( Editor's Note: The following are texts of speeches delivered by Danny
Glover and Harry Belafonte at the Higher Ground Hurricane elief benefit
concert, an all-star jazz concert Live at Lincoln Center on Sept. 17, 2005)
Danny Glover:
John Coltrane once said, "The main thing a musician would
like to do, is to give a picture to the listener of the many wonderful things
he knows of and senses in the universe." When Miles Davis asked him
why he played so long, Coltrane answered, "It took that long to get
it all in."
New Orleans is the site of so many "wonderful things"
-- the city being a great crossroads of diverse peoples, languages, architectures,
cuisines, and rhythms through the centuries.But it has also been the site
of shameful things -- slavery, exploitation and neglect.
It is a tribute to jazz musicians that they sought to "get
it all in." The music itself -- vital, transformative, seductive, subversive
and often improvised -- provided the record that tied each generation to
the next. Out of suffering and hardship, we have heard time and again jazz
artists rediscover possibility. Such is the power of imagination. And hence,
the critical importance of this evening's effort.

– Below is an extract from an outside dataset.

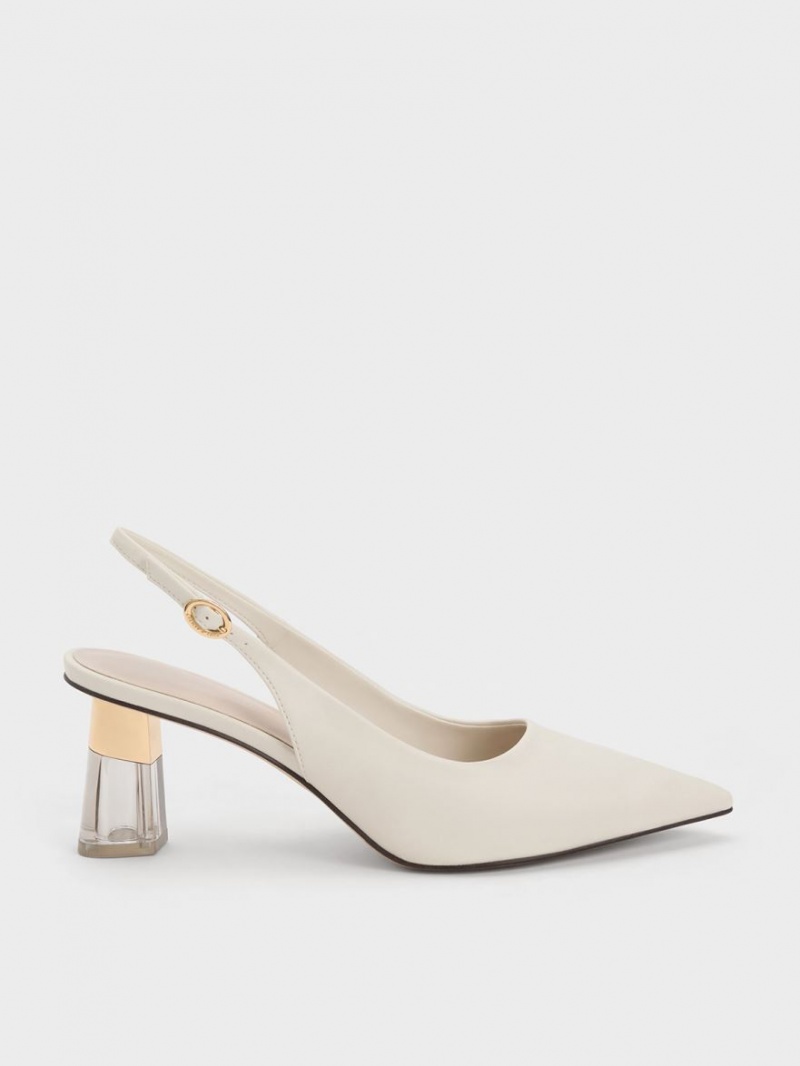 Charles & Keith See-Through Trapeze Heel Slingback Pumps Hvite | THQVY7381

When the hurricane struck the Gulf and the floodwaters rose
and tore through New Orleans, plunging its remaining population into a carnival
of misery, it did not turn the region into a Third World country, as it
has been disparagingly implied in the media; it revealed one. It revealed
the disaster within the disaster; grueling poverty rose to the surface like
a bruise to our skin.
But the storm not only revealed the poverty of those most
vulnerable, those left behind. It also revealed the poverty of skewed priorities
that put the shoulder of technology to the wheel of death rather than life,
creating killing machines that are now called "smart" and surveillance
systems that, in the words of the great Guyanese poet Martin Carter, "are
watching you sleep and aiming at your dreams."
Mother Nature revealed the poverty of a mindset that narrowly
views security as a military issue; that is blind to the role of culture
in sustaining the mental health and social wellness of people, which is
also the basis for economic productivity; blind to the role of culture in
education, through which we are prepared for our responsibilities in a democracy;
and hostile to the role of culture in the search for truth.
Hurricane Katrina revealed, more than anything else, a poverty
of imagination.
Harry Belafonte:
Dr. Martin Luther King, Jr. once said, "True compassion
is more than throwing a coin to a beggar. It demands of our humanity that
if we live in a society that produces beggars, we are morally commanded
to restructure that society."
Let us challenge what we have been told was inevitable: Katrina
was not "unforeseeable"; the loss of life and suffering was not
"unavoidable." It was the result of a political authority that
subcontracts its responsibility to the private sector and abdicates responsibility
altogether when it comes to housing, health care, education and even evacuation.
As New Orleans rebuilds, let us also ensure that reconstruction
does not result in further victimization. Let us support the efforts of
those people in the Delta who have stated that they will not go quietly
into the night, scattering across this country to become homeless shadows
in countless other cities while federal relief funds are funneled into rebuilding
casinos, hotels and chemical plants. Let us ensure that those victimized
by this tragedy will be empowered to actively participate in the reclaiming,
rebuilding and improvement of their communities.
The gift of music is to bring people together, to create not
only a shared identity, but to embrace a shared humanity. To truly know
ourselves is to realize how we are connected to each other.
Many people this evening have described the beauty, the Creole
and spice, the gumbo that is New Orleans; the African roots, blues, gospel
and many other musical traditions that have come together to create that
uniquely American art form: jazz.
And the meaning of jazz, is life. Whether we receive it as
a blend of many notes reflecting diverse traditions, or as John Coltrane
might have it: as one note, played in endless variations.
Let us commit ourselves to the service of life.
Glover and Belafonte are representatives of the Vanguard Public
Foundation, which has established a People's Hurricane Relief Fund.